Date of Issue: 7/March/2019

Offshoring by Japanese Companies during the Heisei Period

Tomikazu Hiraga, Ph.D.
Professor, Faculty of Management, Osaka Seikei University
Adjunct Research Fellow, NLI Research Institute

This article looks back on trends and changes in offshoring by Japanese companies over the Heisei period in the context of the economic development of the Asian emerging countries and other major changes in the international situation.

Only two months remain until the end of the Heisei period (Japanese calendar: January 8, 1989-April 30, 2019). With a new emperor about to be enthroned and a new period to begin, I would like to take this opportunity to explore trends and changes in offshoring by Japanese companies over that time, referring also to major changes that have occurred in Asia and internationally.

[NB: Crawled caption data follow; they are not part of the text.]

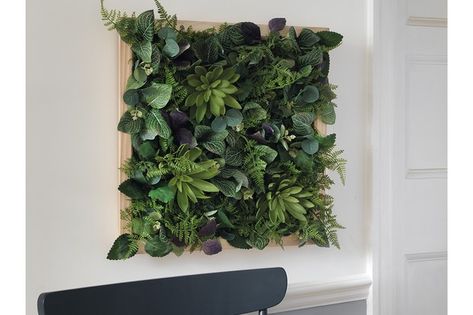 How to create a faux foliage living wall as a quirky way to brighten up a bare spot in your home Faux Plant Wall Decor, Faux Garden Wall, Green Wall Decor Ideas, Faux Plant Wall, Diy Living Wall, Plant Wall Diy, Garden Wall Ideas, White Wicker Furniture, Artificial Green Wall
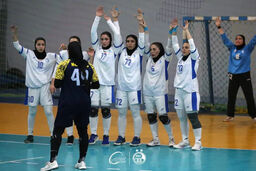 شوک در لیگ هندبال زنان: استقلال در خانه سقوط کرد، صدرنشین‌ها جدول را به آتش کشیدند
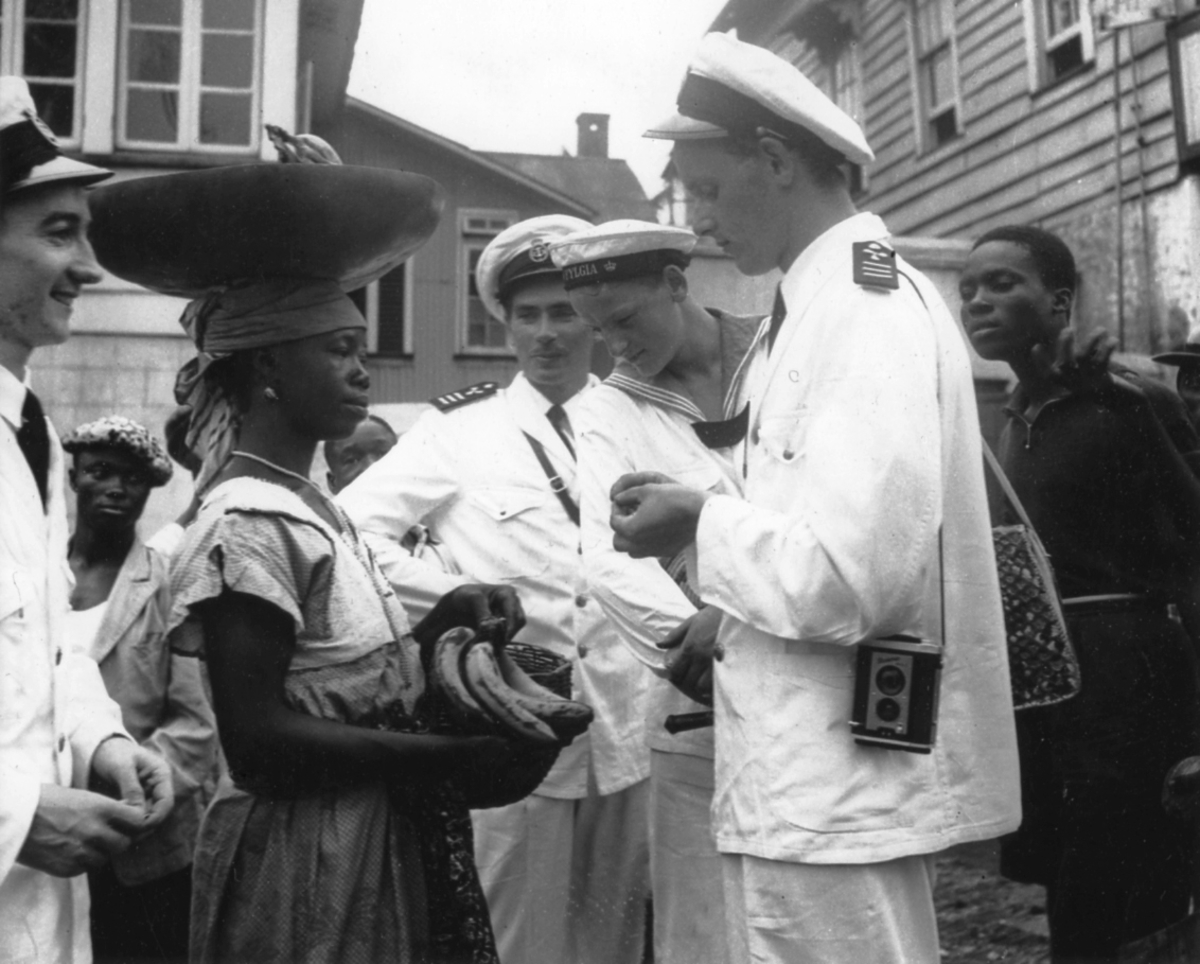 [från Fotobeskrivning:] [---] "Besättningsmän från kryssaren Fylgia köper bananer i västafrikansk hamn."
"Foto från Fylgias långresa till Medelhavet och Väst-Afrika 1947-48."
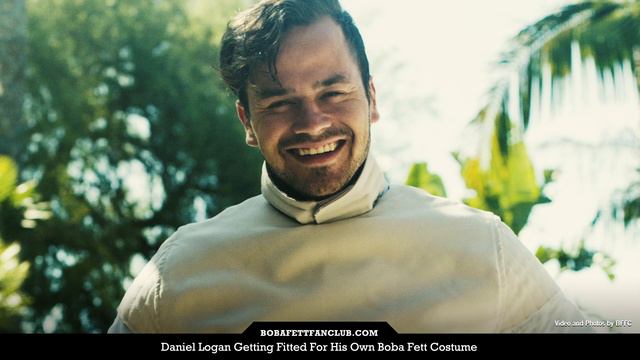 Daniel Logan Getting Fitted For His Own Boba Fett Costume смотреть онлайн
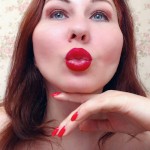 Sexy_HornyMilf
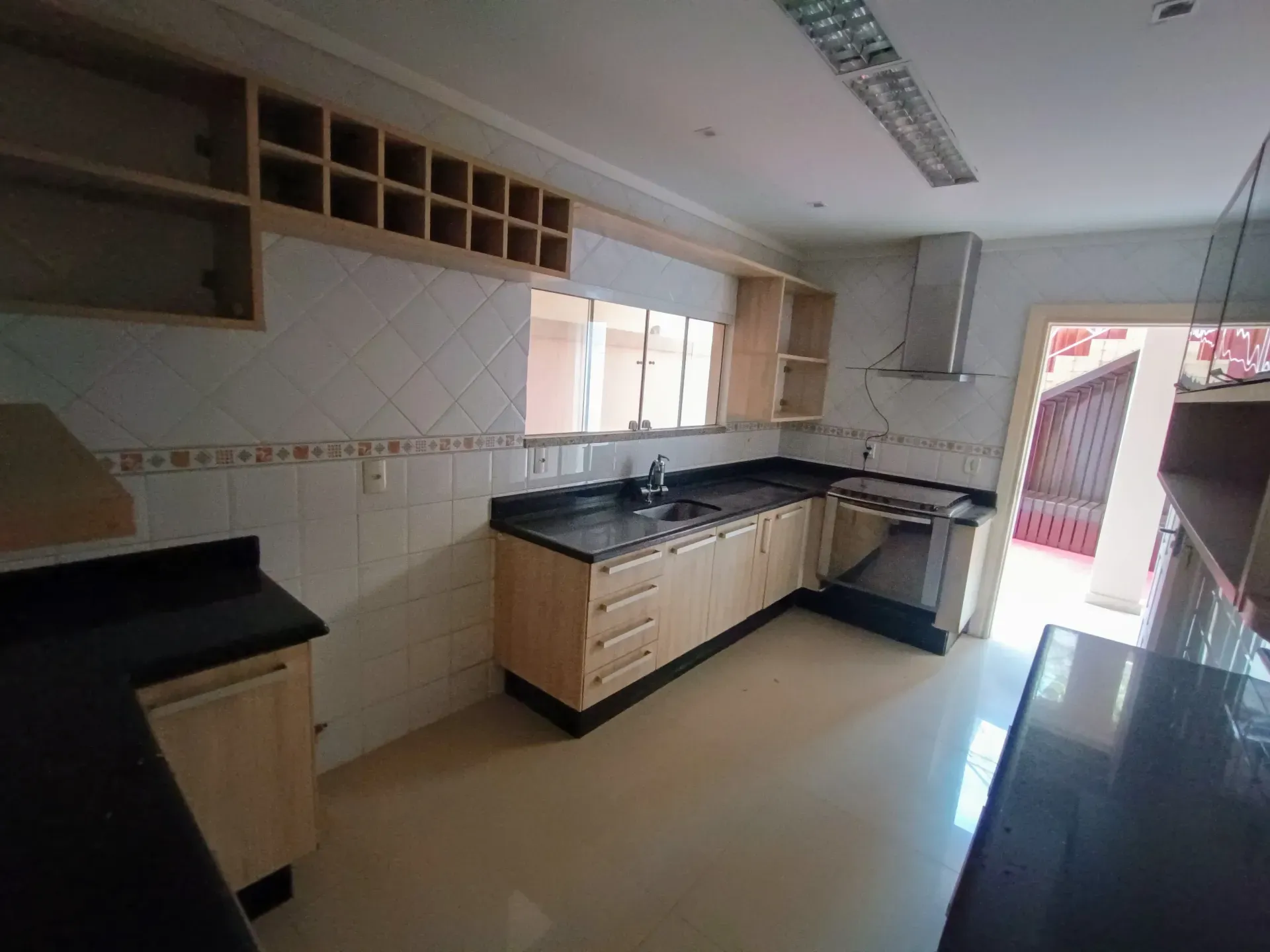 Unfurnished house with 4 bedrooms and 5 bathrooms — photo 14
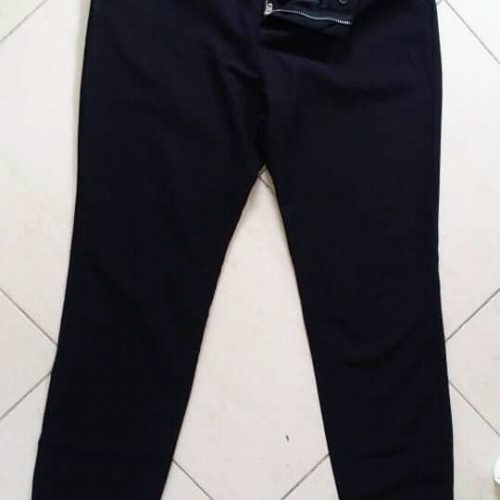 Annonce: Pantalon ZARA à petit prix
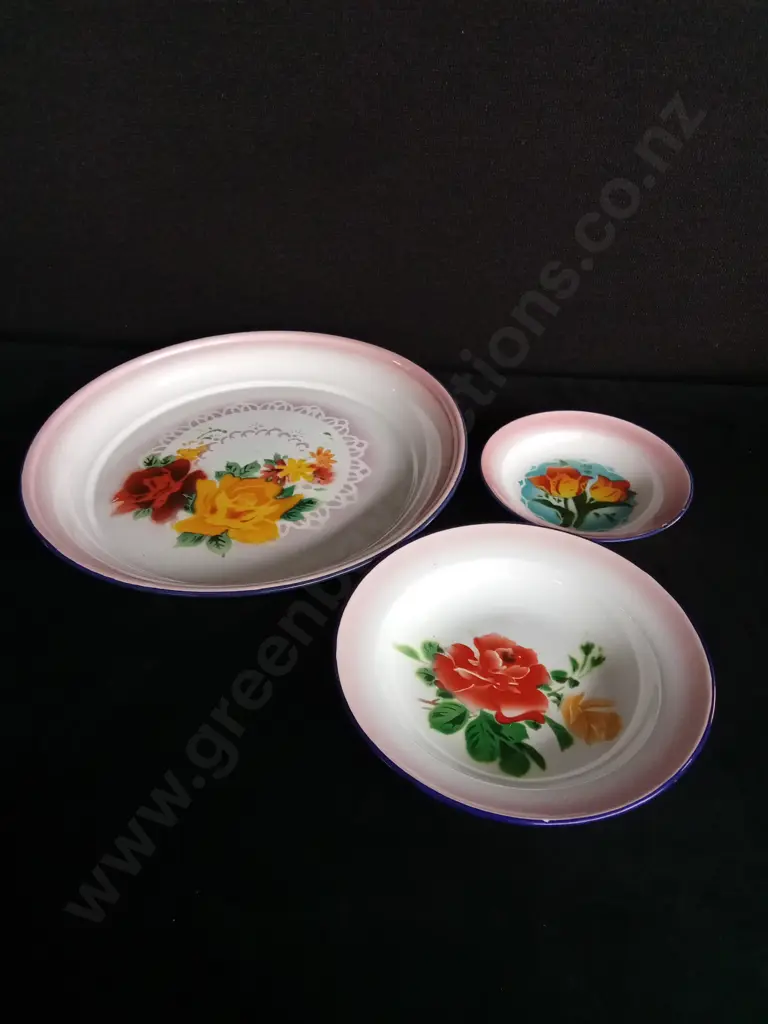 ASSORTED LARGE SERVING PLATES AND BOWLS X 21 Image 1++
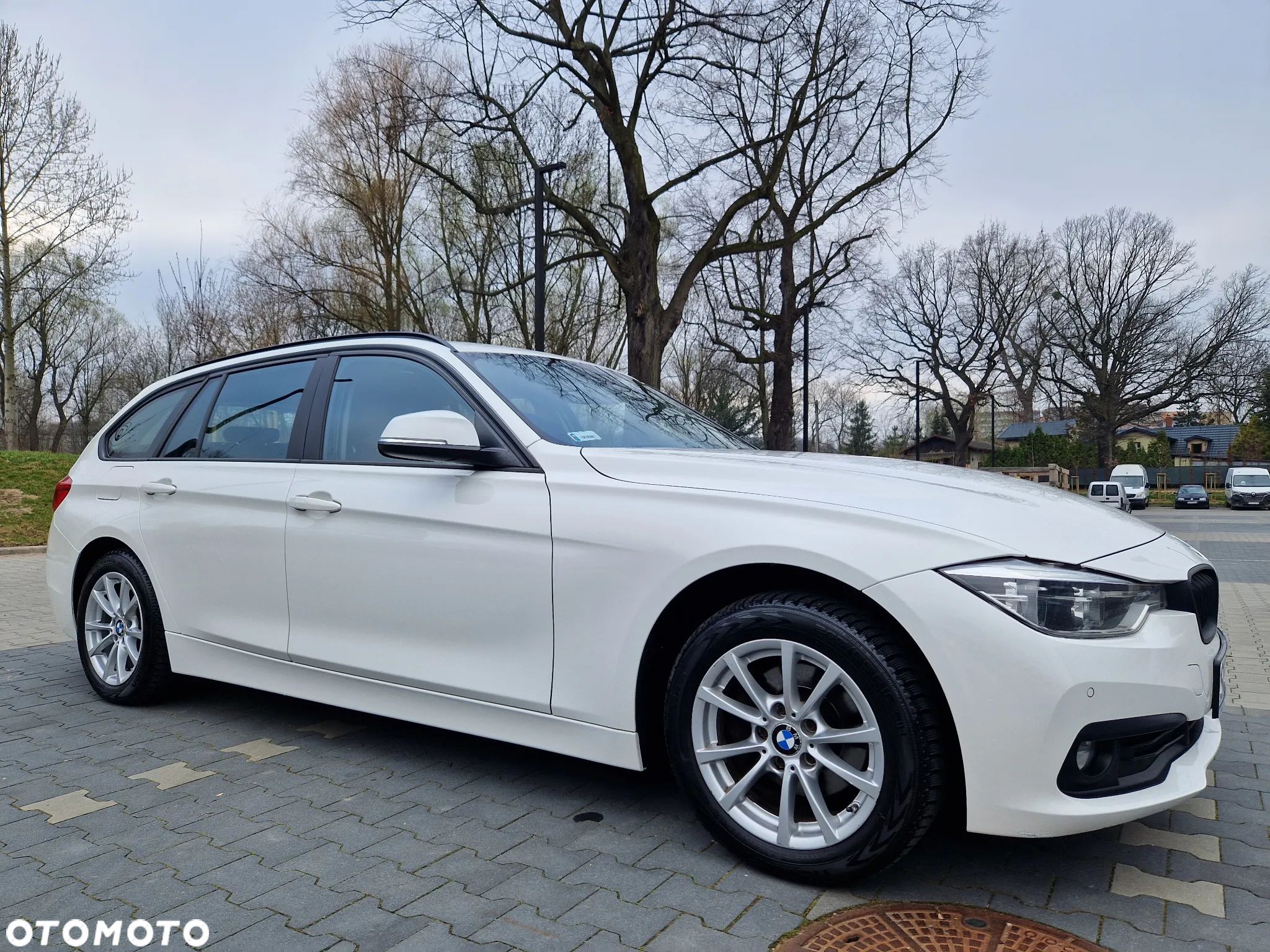 BMW Seria 3 318d Touring Advantage - 1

If I may start with my personal experience, on January 8, 1989—the first day of the Heisei period—I was over in Bangkok for the purpose of studying offshoring by Japanese firms into the Association of East Asian Nations (ASEAN) countries.

I subsequently moved on to become a corporate businessman, a ratings agency analyst, and a think tank researcher, but in all these capacities, I have continued to be involved with Japanese companies' offshoring to Asia and elsewhere. As the Heisei period draws to a close, I am currently lecturing on international management—offshoring by Japanese companies included—at a university, so here I would like to express some personal views based on that experience.

As shown in Table 1, the Heisei period began with the euphoria of the bubble economy. Foreign investment boomed, including some purchases of sufficient scale to draw international attention. When the bubble subsequently collapsed, however, companies pulled out of many of these investments.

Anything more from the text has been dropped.